Le gouvernement a relancé le débat autour d’éventuelles consignes pour les bouteilles en plastique sur le territoire, malgré l’opposition des collectivités locales. Chaque partie avance ses arguments avant la décision finale du mois de juin. Acheter un peu plus cher votre bouteille d’eau dans l’optique de récupérer quelques centimes au moment de la rapporter vidée au supermarché… Avancée écologique viable ou tentative de greenwashing mercantile à éviter ?
Un projet qui date
Industriels de l’agroalimentaire, de l’embouteillage, hauts responsables de supermarchés, associations d’élus et de consommateurs, ONGs… Cela fait déjà plusieurs années que différents acteurs de l’écologie et du commerce s’écharpent pour savoir si l’idée d’une consigne sur les bouteilles en plastique est à mettre en place dans l’Hexagone. Le principe consiste à payer plus cher sa bouteille en plastique, un surcoût qui pourrait aller de 10 centimes à 1 euro, avant de la ramener vidée à un automate installé dans les supermarchés pour récupérer une caution estimée à 20 centimes. Simple !

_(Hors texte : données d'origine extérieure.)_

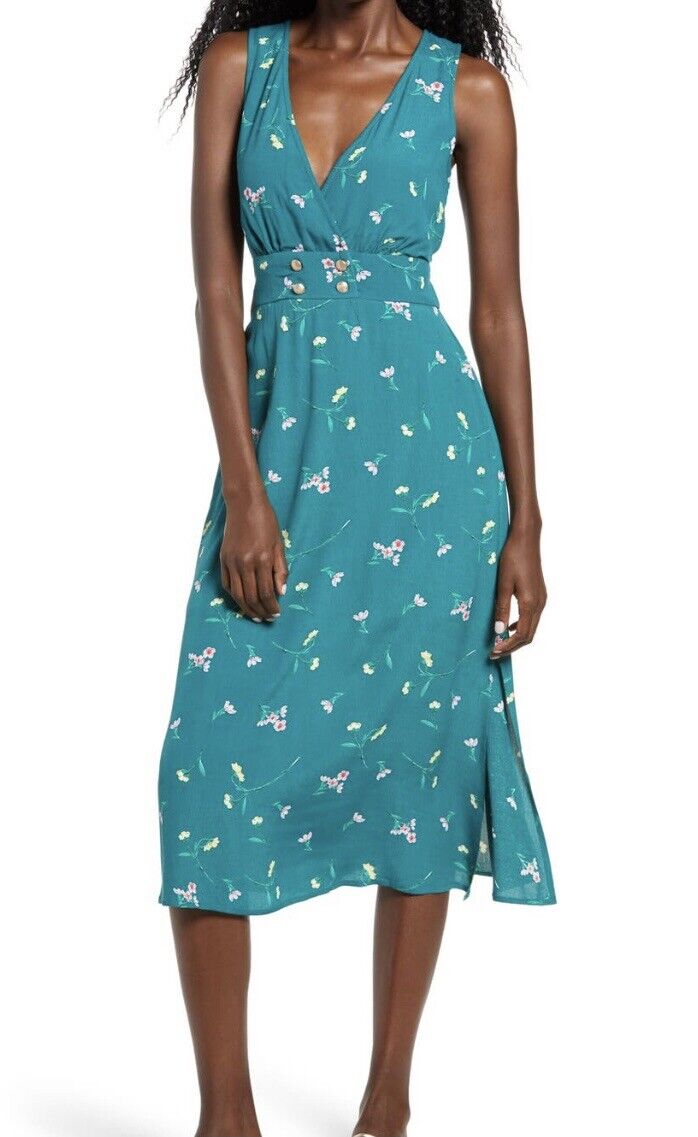 Row A Teal Floral Sleeveless Double Breasted Dress Retails $59 Price $36 XS
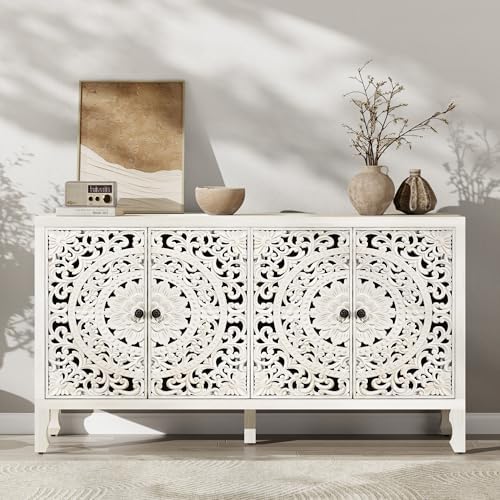 Buffet Cabinet with Storage, Accent Cabinet with 4 Carved Doors, Solid Wood by Furnivado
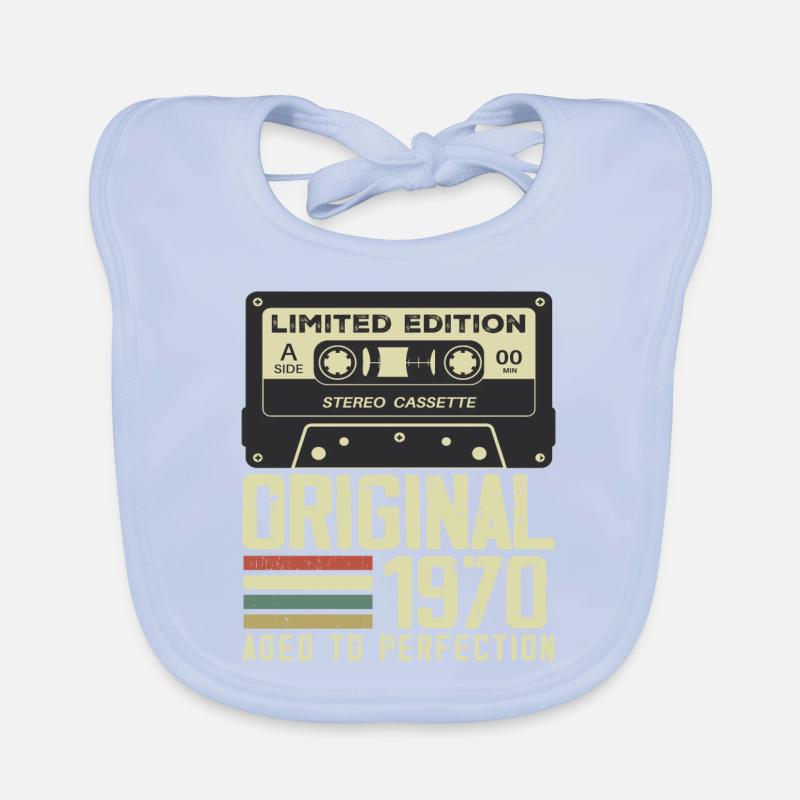 54th Retro Style 1970 Anniversary Gift Organic Baby Bibs
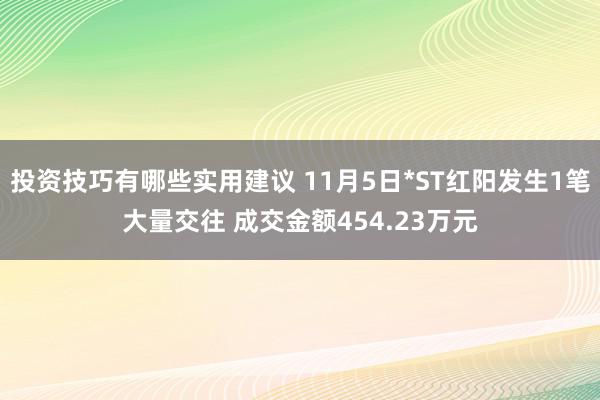 投资技巧有哪些实用建议 11月5日*ST红阳发生1笔大量交往 成交金额454.23万元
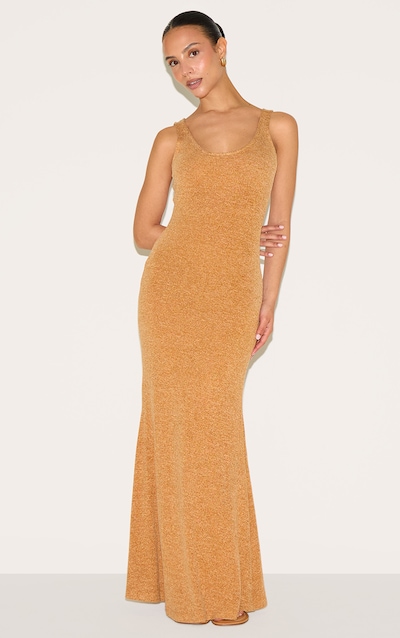 Petite Burnt Orange Fine Knit Maxi Dress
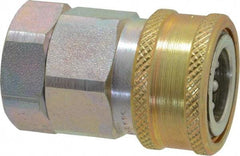 Parker - 1/2 Thread Steel Hydraulic Hose Valved Coupler - 4,000 psi, 30 GPM - Eagle Tool & Supply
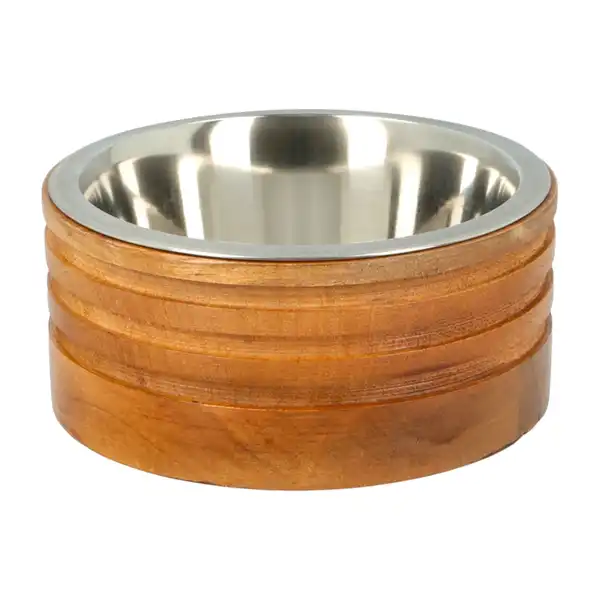 CANCAT COMEDERO RECTO MADERA Y ACERO 1LT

Sur le papier, l’idée a de quoi séduire, en ligne directe avec la loi anti-gaspillage pour une économie circulaire (Agec) de 2020. En effet, elle pourrait certes permettre d’améliorer le taux de collecte des bouteilles plastique (moins de 60 % en 2022) pour atteindre les objectifs de 77 % en 2025 et de 90 % en 2029. La France étant clairement en retard sur ces objectifs, ce projet autrefois initié par Élisabeth Borne a été relancé par la secrétaire d’État en charge de l’Ecologie Bérangère Couillard pour inciter les Français à participer plus activement au tri et au recyclage du plastique. Cette dernière a notamment défendu le projet en prenant l’exemple de l’Allemagne où le système existe depuis 15 ans.
« Une arnaque intellectuelle » selon Jean-François Debat, maire de Bourg-en-Bresse
S’il est vrai que chez nos voisins, l’initiative a permis de nettement augmenter le taux de recyclage, l’effet est à double tranchant puisqu’elle a aussi encouragé les consommateurs à utiliser plus de plastique. L’Allemagne a ainsi constaté une substantielle augmentation des bouteilles en plastique à usage unique depuis l’installation des consignes. L’Union fédérale des consommateurs Que Choisir pointe donc du doigt un non-sens. Pourquoi recycler davantage de bouteilles en plastiques si cela signifie en produire davantage pour une utilisation réduite ? L’intérêt ne serait pas écologique, mais bien économique.
Selon ses calculs, en admettant un retour (optimiste) des bouteilles plastiques de 80 % et une consigne unitaire de 20 centimes, c’est plus de 400 millions d’euros par an qui seront échangés. Problème, cette somme faramineuse ne reviendra pas aux consommateurs qui auront de toute façon déjà payé les 20 centimes supplémentaires au moment d’acheter leurs bouteilles, mais sera captée par les industriels de l’agroalimentaire comme Danone ou Coca-Cola. Cela leur permettrait donc de capter une manne financière qui augmenterait leur marge tout en déstabilisant le système public de collecte des déchets, qui coûte déjà cher aux contribuables. Une part des sommes obtenues par la vente des déchets locaux servant à financer la collecte et le ramassage local, une augmentation de la taxe d’enlèvement des ordures ménagères serait probablement inévitable pour compenser la baisse des quantités de plastiques récupérées dans les poubelles jaunes…
Réduire la production de plastique plutôt que d’encourager sa prolifération
Les opposants à la consigne préfèrent ainsi proposer des initiatives visant à réduire purement et simplement la production de bouteilles ou d’emballages plastiques, dont les effets néfastes sur l’environnement sont largement documentés. La promotion de la consommation de l’eau du robinet par exemple, serait plus du goût de L’UFC-Que Choisir ou de l’association Amorce. La démocratisation de fontaines publiques et surtout l’augmentation de la fréquence des collectes en sont deux autres.
Enfin, plutôt que d’augmenter les coûts et les taxes sur les consommateurs, les activistes écologiques préféreraient plutôt une augmentation de la taxe générale sur les activités polluantes pour les plus gros industriels.